Collected data entries:
*****
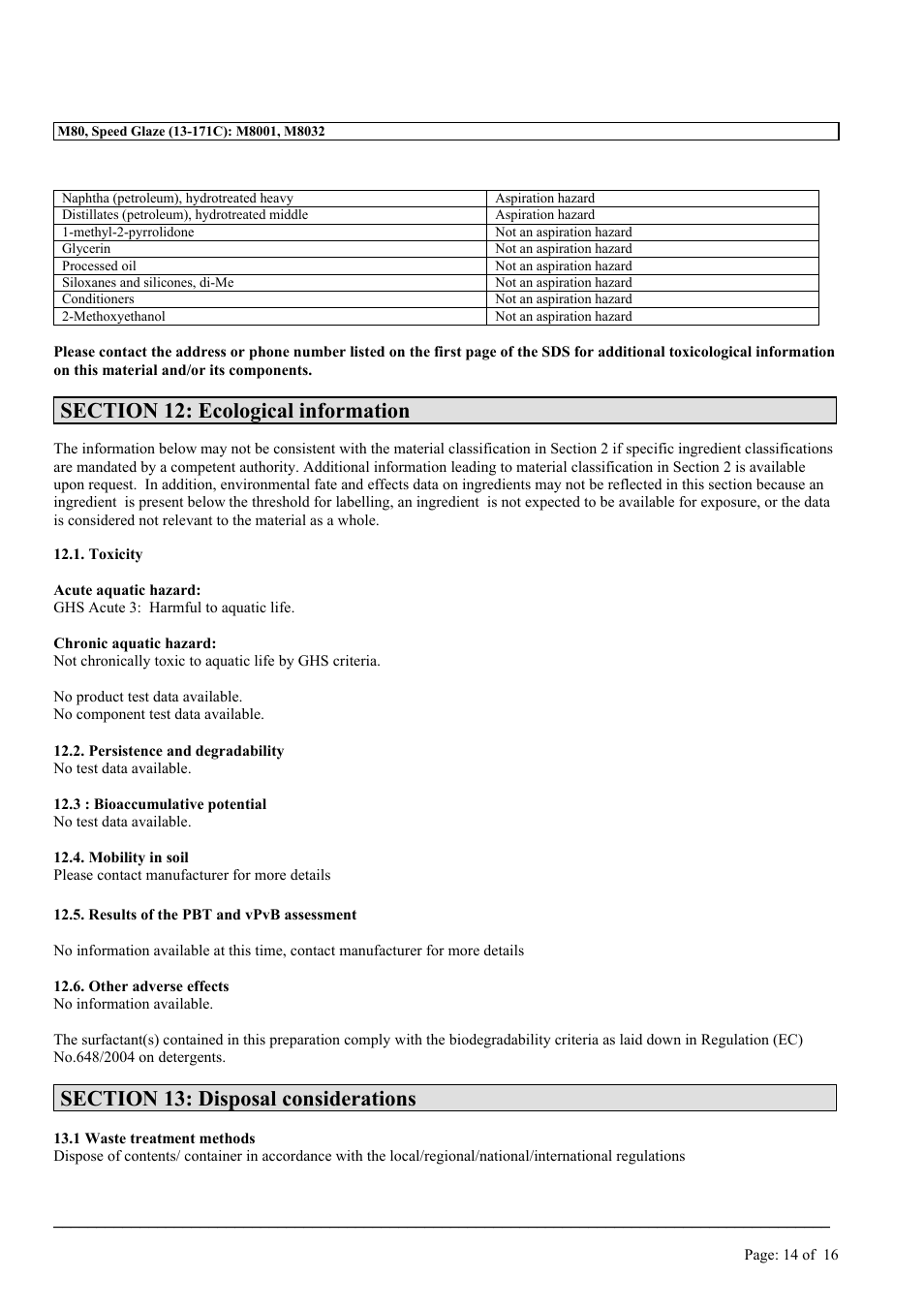 MEGUIAR'S M80 User Manual | Page 14 / 16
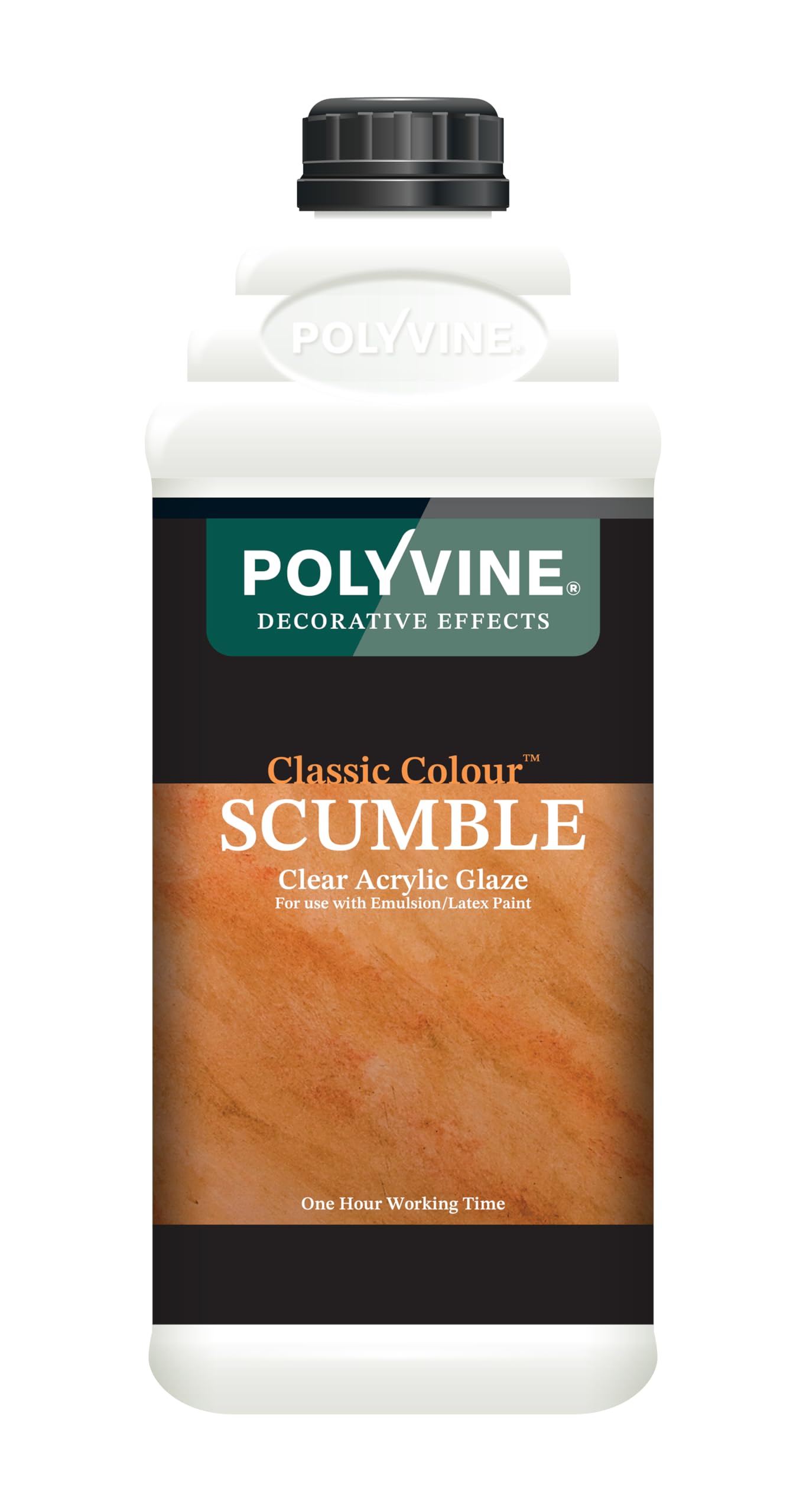 Polyvine Classic Colour Scumble Glaze – Decorative Acrylic Paint Medium for Walls & Furniture – Water Based Translucent Paint Glaze for Emulsion, Colour Washing, Ragging & Sponging – 1 Hr Working Time
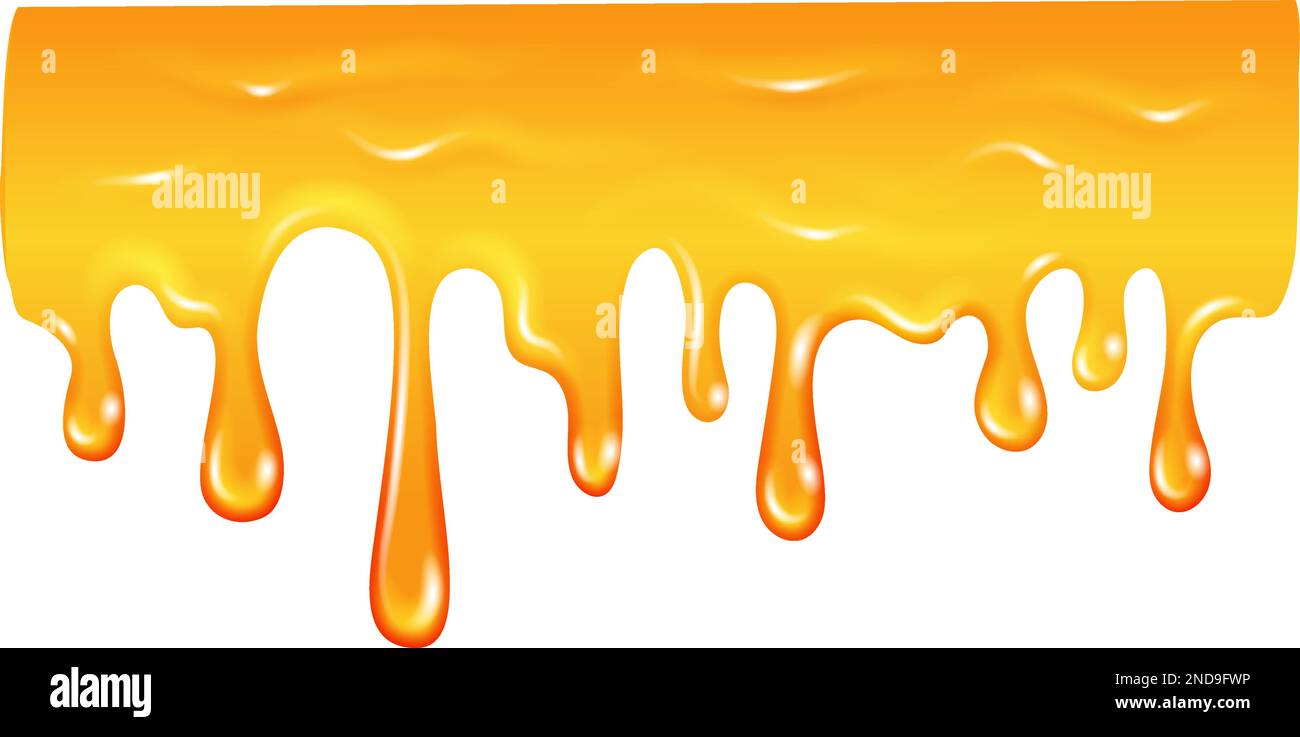 Le miel s'égoutte. Bordure horizontale de la boue d'huile dorée Illustration de Vecteur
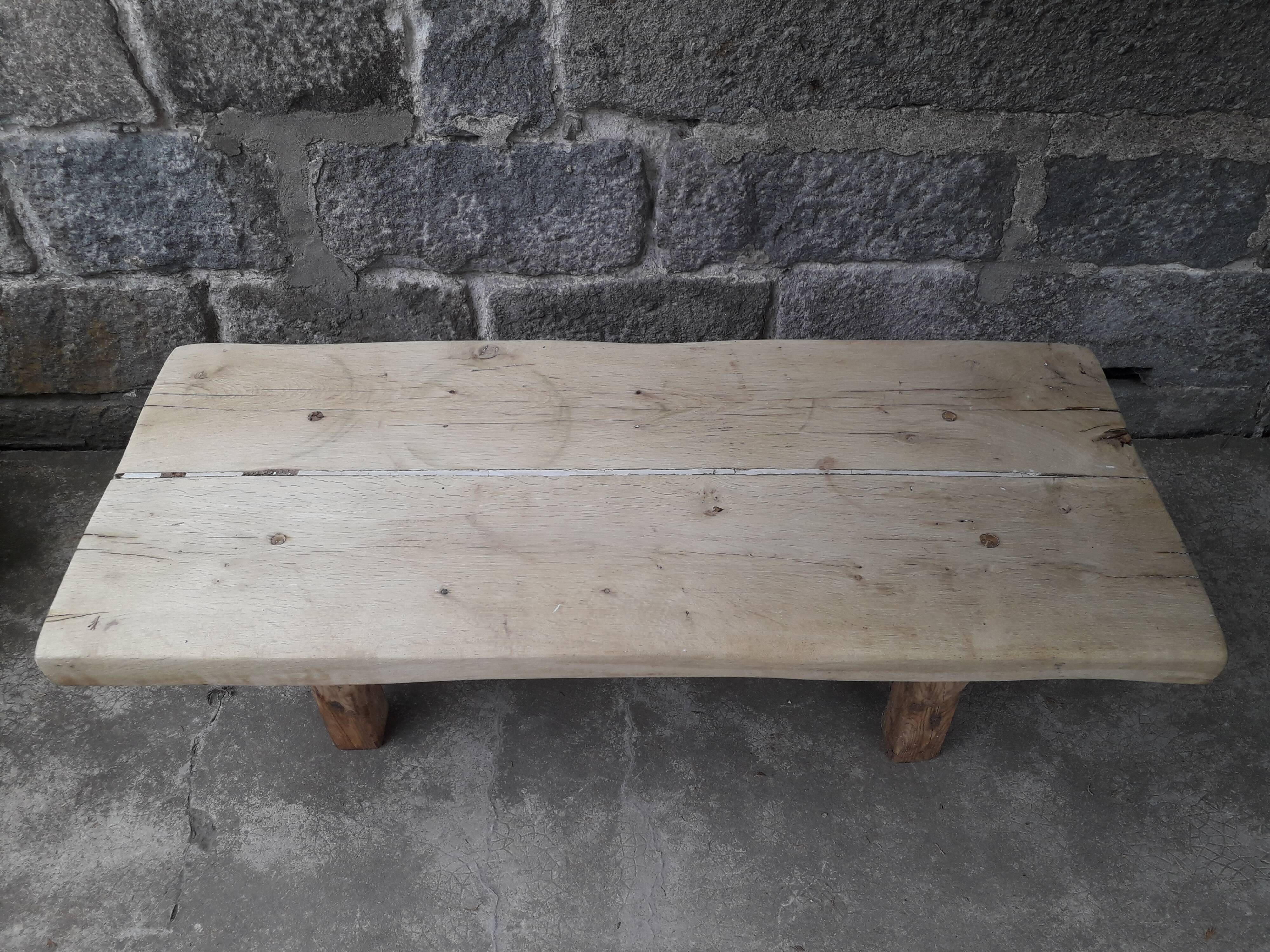 Brutalist solid oak coffee table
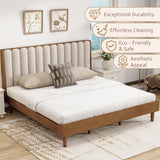 Mirightone Wood King Size Bed Frame,Tall Upholstered Tufted Headboard, Platform Bed King with Solid Rubber Wood Legs, Modern Style - No Box Spring Needed, Walnuts with Beige Mirightone
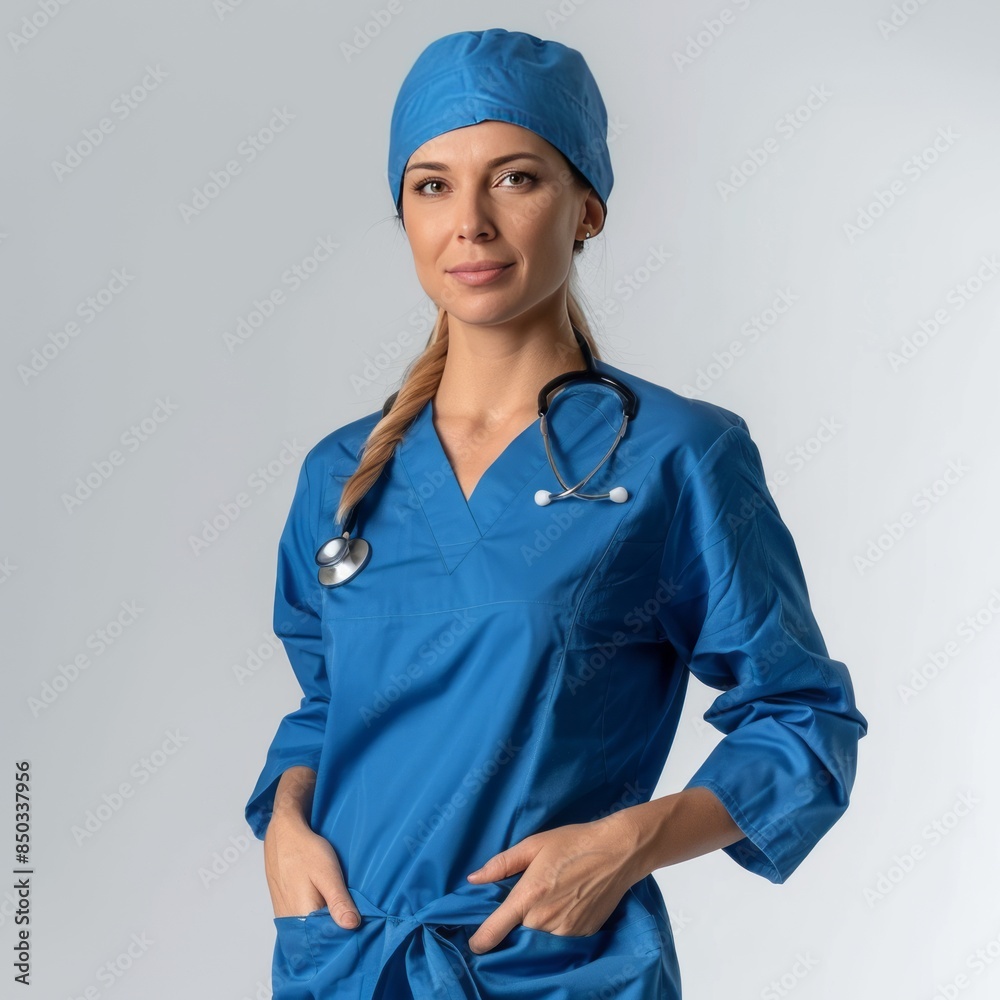 Woman in Blue Scrub Suit With Stethoscope Woman in Blue Scrub Suit With Stethoscope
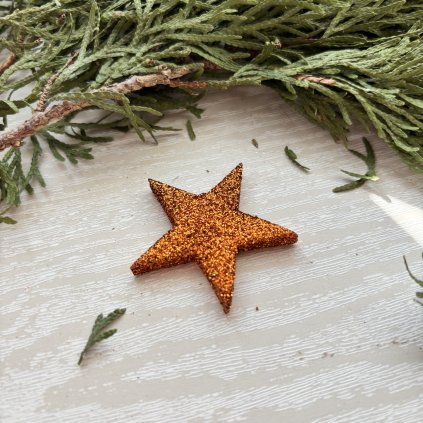 Oranžová hvězda plast/glitter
*****
**PROBLEM REQUIREMENTS**
Return the records word for word, leaving every picture out of the copy.

**ANSWER BELOW**
 MEGUIAR'S M80 User Manual | Page 14 / 16
 Polyvine Classic Colour Scumble Glaze – Decorative Acrylic Paint Medium for Walls & Furniture – Water Based Translucent Paint Glaze for Emulsion, Colour Washing, Ragging & Sponging – 1 Hr Working Time
 Le miel s'égoutte. Bordure horizontale de la boue d'huile dorée Illustration de Vecteur
 Brutalist solid oak coffee table
 Mirightone Wood King Size Bed Frame,Tall Upholstered Tufted Headboard, Platform Bed King with Solid Rubber Wood Legs, Modern Style - No Box Spring Needed, Walnuts with Beige Mirightone
 Woman in Blue Scrub Suit With Stethoscope Woman in Blue Scrub Suit With Stethoscope
 Oranžová hvězda plast/glitter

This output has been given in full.